If 22,000 of the signatures are determined to be from registered city voters, a measure will likely be placed on the June ballot for voter approval. The measure, if passed, would require future voter approval of subsidies for professional sports stadiums.
City and county elections officials have until Jan. 23 to determine if there are enough valid signatures.
The petitioners’ attorney, Bradley Hertz of the Sutton Law Firm, said California courts have ruled in favor of petition validity in cases in which there were small errors. In a recent letter to Sacramento City Clerk Shirley Concolino, Hertz described the differences in the petitions filed by Sacramento Taxpayers Opposed to Pork and Voters for a Fair Arena Deal as “both inadvertent and extremely minor printing errors.”
“We’re not concerned,” Hertz said Monday. “We believe it is just a tactic by the opponents to create doubt or confusion. We don’t think the registrar or city clerk have the authority to do anything other than their ministerial task of validating the signatures and coming up with the final number of signatures. We believe any arguments about whether the various versions of the petition are valid would have to be raised before a judge, and not the city or the county.”
The pro-arena group’s letter contained five examples of different petition forms. In all versions, the petitions clearly state their purpose and use nearly identical wording. The petitions call for a public vote “to prohibit the city of Sacramento from using general fund money for the development of a professional sports arena without voter approval.”
The city has a conceptual agreement with the owners of the Sacramento Kings to jointly finance and build a $448 million arena in the Downtown Plaza. The city’s contribution to the project is capped at $258 million.
Welch, an attorney with a prominent Sacramento political firm, Nielsen Merksamer Parrinello Gross & Leoni, noted that the petition forms fail to include an “enacting clause,” which is required under state law. Different versions of the petitions also have different dates on them.
County Registrar of Voters Jill LaVine said her office has already separated out the various versions of the petitions, and is awaiting word from the city on whether it believes any of the versions should be rejected.

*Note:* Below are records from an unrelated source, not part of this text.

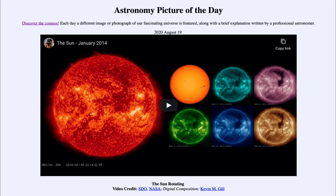The chromosphere is the layer right above the photosphere of the sun. The photosphere is the part of the sun that we see — so when we look at the sun, that's what we're seeing: the photosphere. The chromosphere is the area up above that, and it's called the sphere of color.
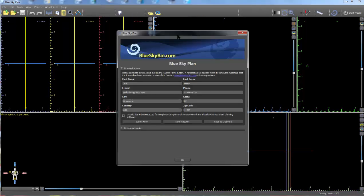If clicking Submit Form did not complete the registration process automatically, click Send Request if a MAPI-compatible email program such as Outlook is fully configured and running on the system.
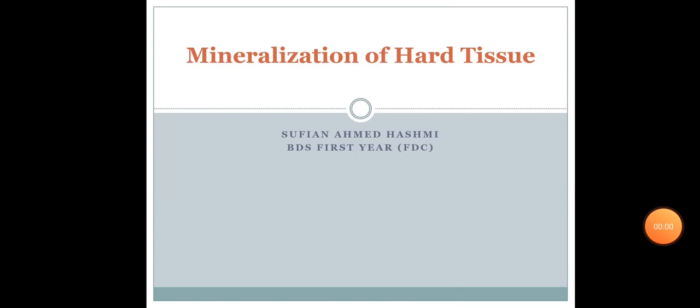Assalamu alaikum. My name is Uphiyan and I'm Rashmi. Today the topic of our discussion is the mineralization of the hard tissue. So let's start with the mineralization.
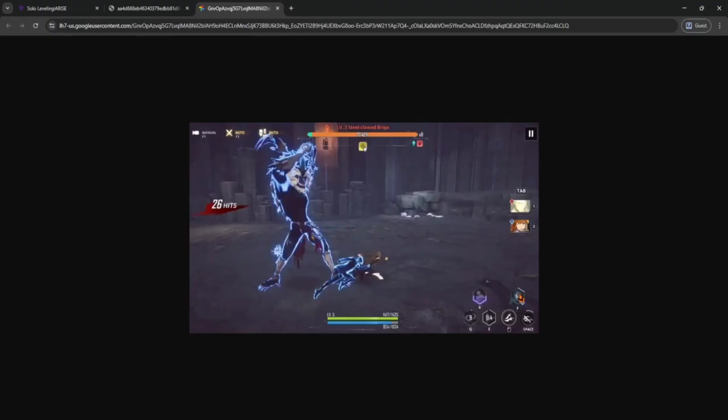And that's it, super easy. Now you can enjoy Solo Leveling in Full Screen and really get into the action.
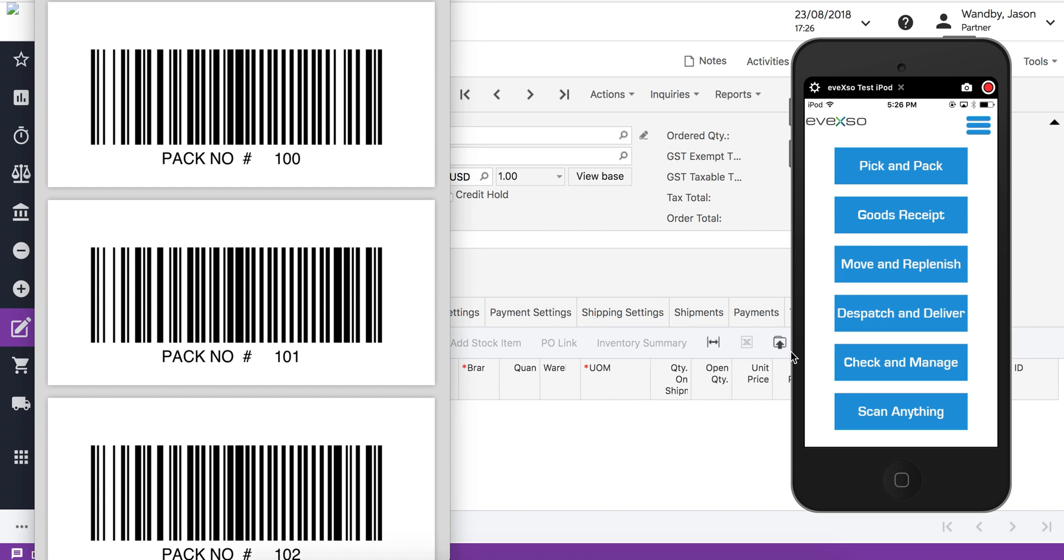In this demo I'm going to be showing you a simple sales order put into MyAdvanced that will be picked, packed into a pre-printed pack, and dispatched using a Star Track courier label. I'll show you from start to finish in real time.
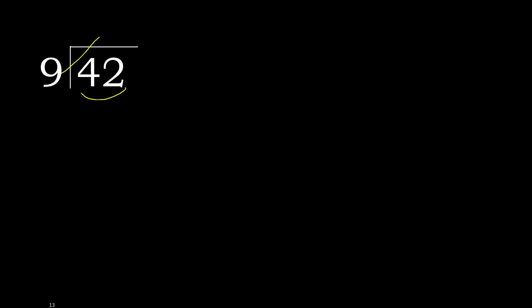9 multiplied by which number is nearest to 42 but not greater? 9 multiplied by 5 is greater. Multiplied by 4 is 36, okay. It is not greater. 42 minus 36 is 6.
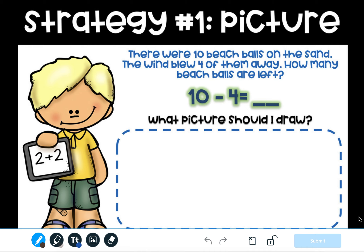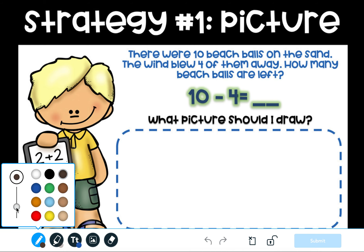Remember, the first number in a subtraction problem is always the biggest number. You want to draw the biggest number. Which number is the biggest number here? If you said 10, you are correct. What I'm going to do is I'm going to draw a picture of 10 circles.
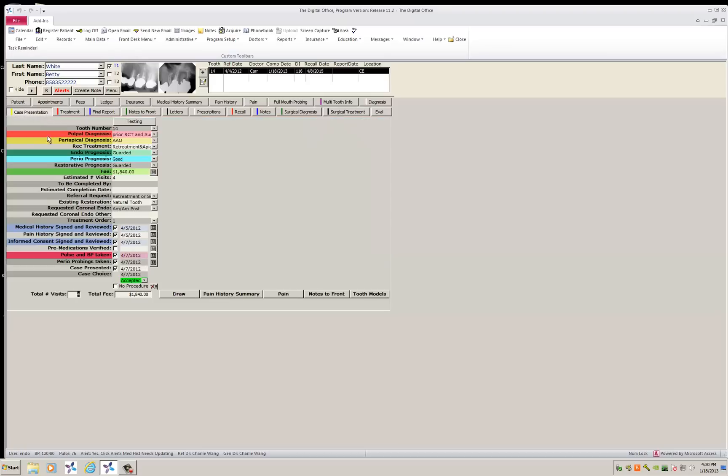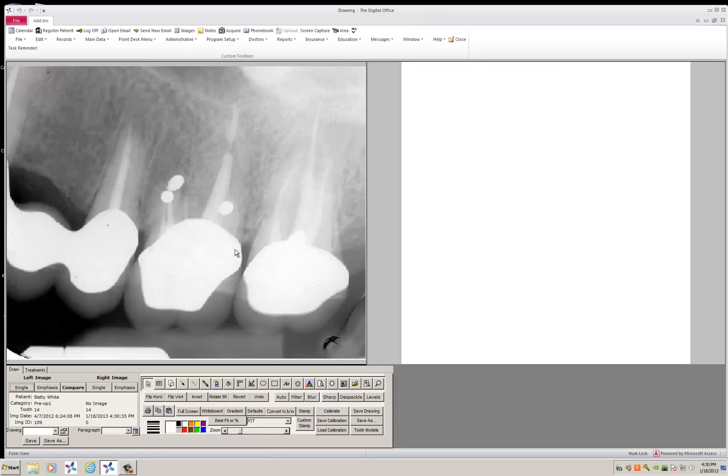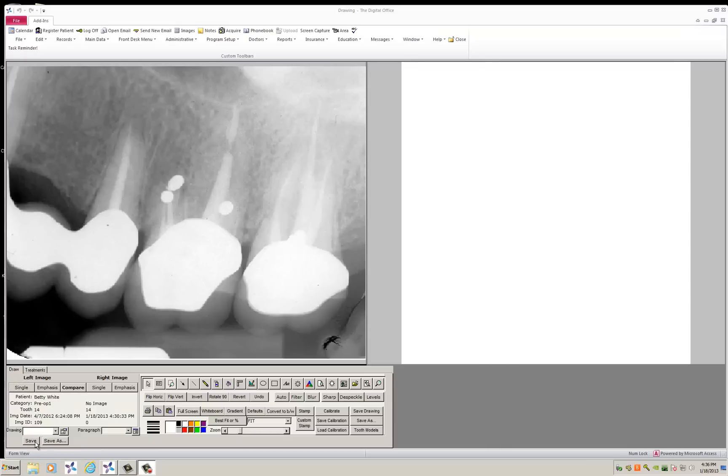To go to that, you go to case presentation, open the draw page. It posts the pre-op x-ray here and you have a side panel to the right that allows you to bring in diagrams.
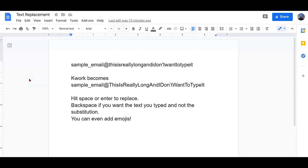One of my favorite tools on an iPad or an iPhone is text replacement where I can type something short and it becomes something long. It's also built into Google Docs.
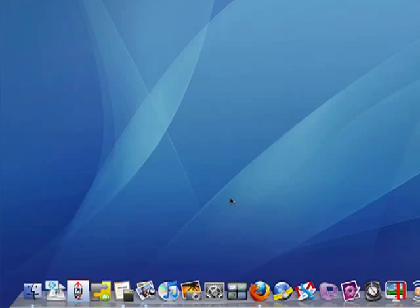Hi, this is Mike Callahan, Dr. File Finder, and welcome to your Butterscotch.com tutorial on what is an alias on my Mac.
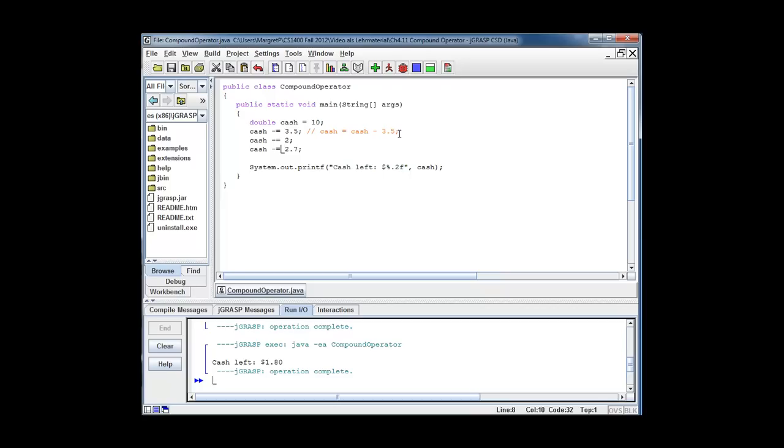You can do this for a whole variety of operators, times, divided, modulus, et cetera. But this is all I wanted to show you for now. See you next time.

“I’m tossing it back to the city and their attorney for their determinations,” she said. “Whatever the city and their attorney decide it is up to them.”
The county began doing its signature validation count on Friday, LaVine said. She said county officials got a late start because they first had to count the names of people who signed a separate petition saying they had signed the anti-subsidy petition but wanted their names removed. LaVine said the county has 9,773 names on that list but has not yet checked to see how many of them actually signed the initial petition.
“We will call in extra people, and I have asked the staff to start some overtime,” LaVine said.